According to the National Fertility Support Center (NFSC), one in eight couples will be diagnosed with infertility. Yet NFSC CEO Debra Peters is quick to qualify that the statistics don't share the entire story. Many losses hide within the blanket of infertility, including the experience of pregnancy and birth.

"When people are diagnosed with infertility, many times the first mode of treatment is medical intervention," Peters said. If medical intervention fails, or if a couple does not wish to pursue medical treatment, couples often look to adoption.

The adoption outlook does not pose promising data. NFSC reports that at any given time, there are more than 1 million couples awaiting the opportunity to adopt a baby—and less than 18,000 infants available for adoption each year. That number has steeply declined every year since 1973.

Enter embryo donation.

A relatively new form of family building, embryo donation is often more accessible and affordable for couples than adoption. More than 3,000 children have been born through embryo donation, yet Peters notes few couples are aware of the option and fewer still have a clear understanding of the process.

What exactly is embryo donation?

When couples seek medical intervention, they often go through the process of in-vitro fertilization (IVF)—a process by which a woman's body is stimulated to make as many eggs as possible in a given cycle. Those eggs are removed surgically from her body and introduced to her partner's sperm in a lab setting for fertilization. The embryos that form are then transferred back into the uterus.

Because there are often too many embryos to place safely back into the uterus, the remaining embryos are cryopreserved—or frozen—and stored for later use.

"What happens a lot of time, is that couples are blessed to give birth following IVF and they find themselves, at some point in time, parenting as many children as they feel called and capable to parent," Peters said. "And then they face an unexpected dilemma: What do we do with these embryos that we will no longer use to continue building our family?"

The embryos can be thawed and discarded, or donated to science. In both cases, Peters notes, the life of the embryo will not continue.

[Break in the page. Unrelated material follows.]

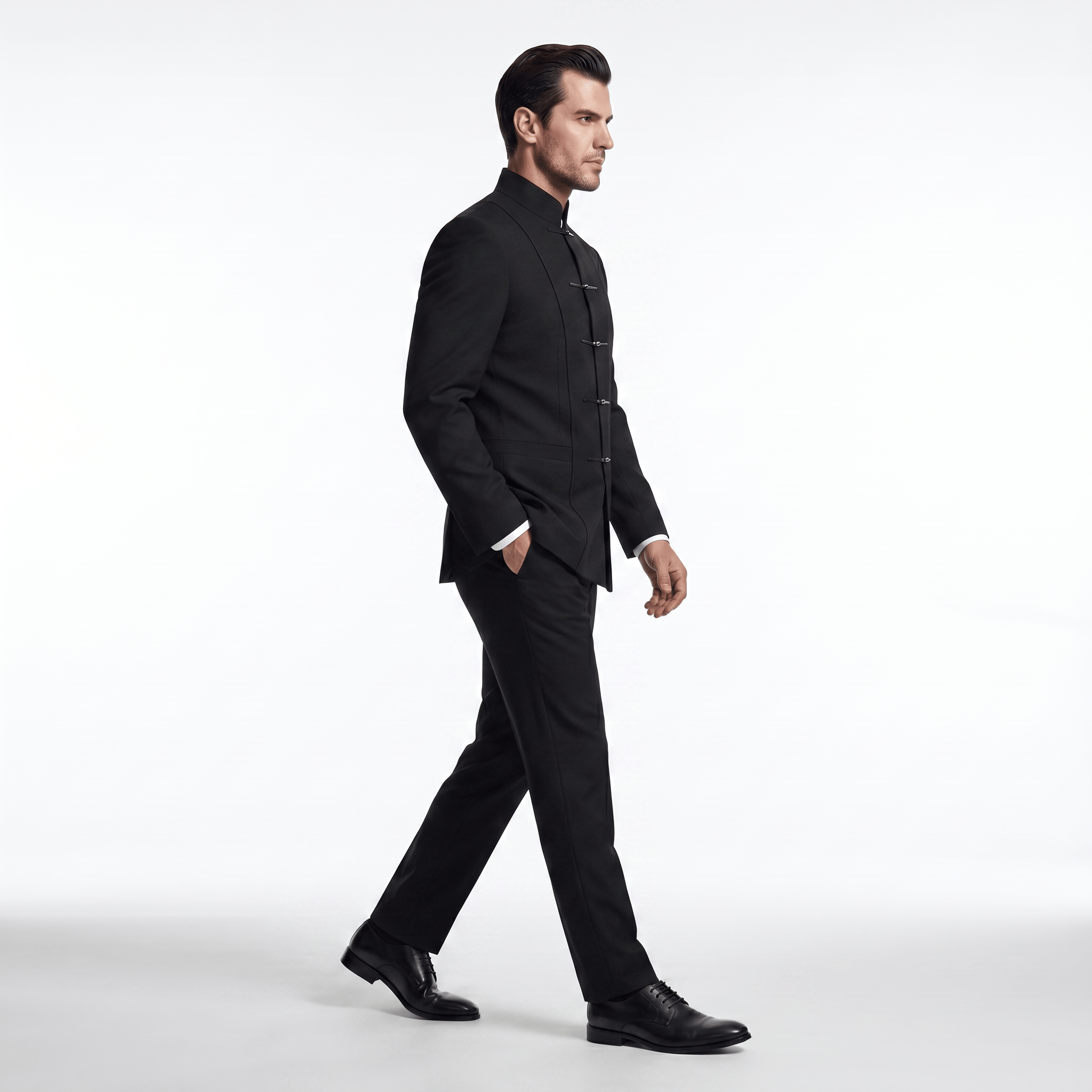 aesido Aesido Black Mandarin Jacket – Men’s Wedding & Formal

"Now," she said, "an option exists where [couples] can donate their unused embryos to another couple or individual who's been struggling to have a family."

According to Peters, embryos can remain frozen "almost indefinitely." Last year, a couple from Tennessee gave birth to a snow baby who had been frozen as an embryo for 24 years—the longest known frozen human embryo to result in a successful birth.

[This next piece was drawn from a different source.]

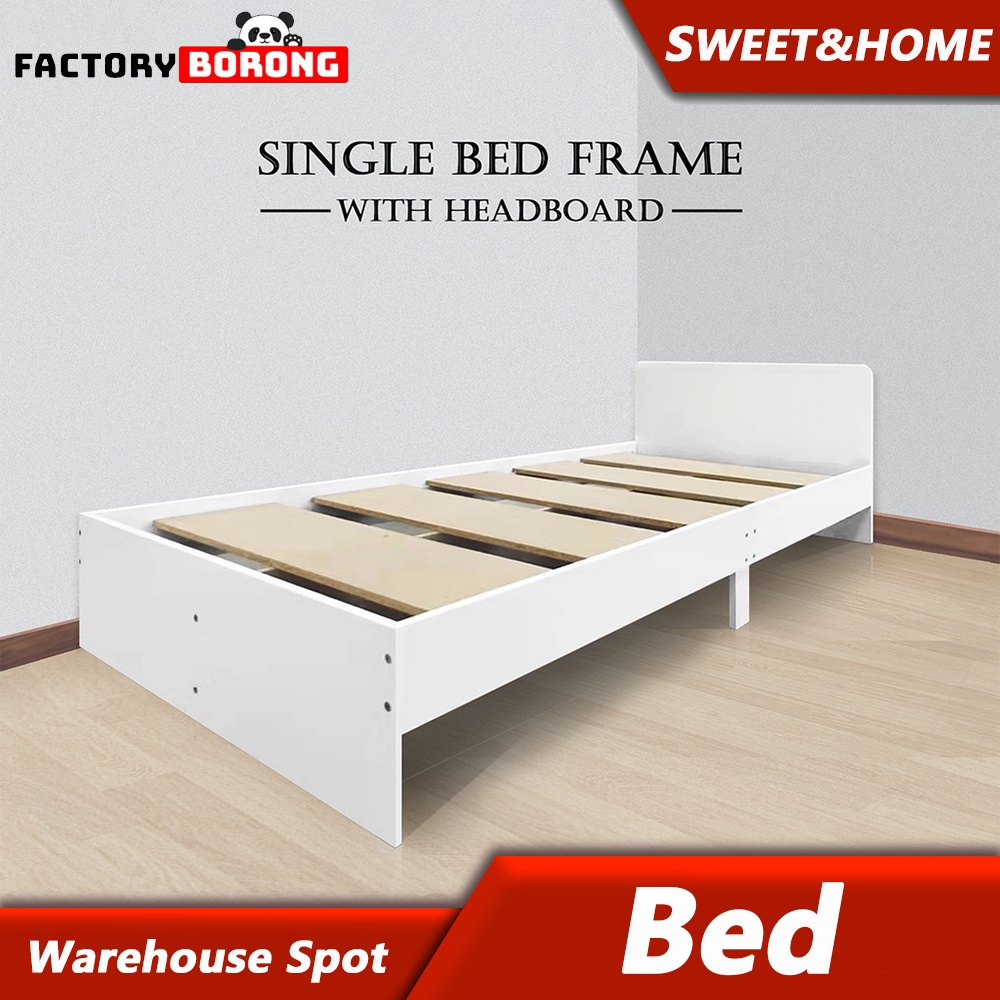 *READY STOCK* Wooden Single Bed Frame White Shopee Philippines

"It's sometimes thought of as adoption that starts at the earliest moment in time an adoption can happen," Peters said. While the couple receiving the embryo will be giving birth to a child that is not genetically related to them, they raise the child as their own.

Like traditional adoption, both the couples donating the embryo and the couples receiving the embryos have options in the selection process and involvement after the birth.

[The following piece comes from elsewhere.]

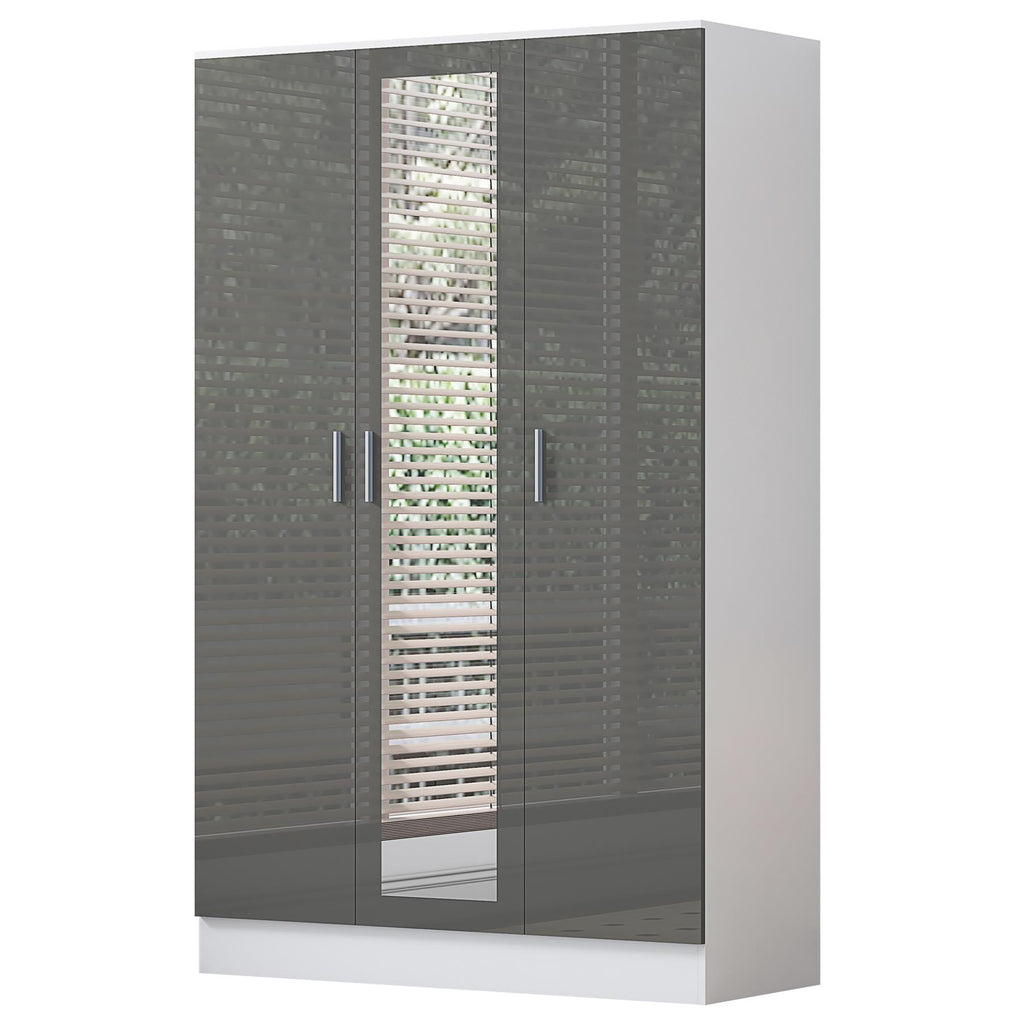Reflect 3pc Wardrobe Bundle - 2 Door Corner + 3 Door Mirror + 2 Door Plain - Grey Gloss & Matt White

Unlike traditional adoption, couples have the opportunity to experience pregnancy and birth. They also have the ability to protect the baby, to nurture and care for him or her, in utero. To decide what food the woman eats while pregnant. How much exercise she engages in. Whether the baby is exposed to alcohol or smoking.

Embryo donation is approximately one-third the cost of traditional adoption, and more available. NFSC reports that 1.3 million embryos in the United States are currently frozen in storage and about 40 percent of embryo transfers result in birth, including through couples who haven't been able to have a child through IVF.

"Right now, there are more embryos available for placement than there are receiving families," Peters said. "It can be a beautiful way for them to build their family."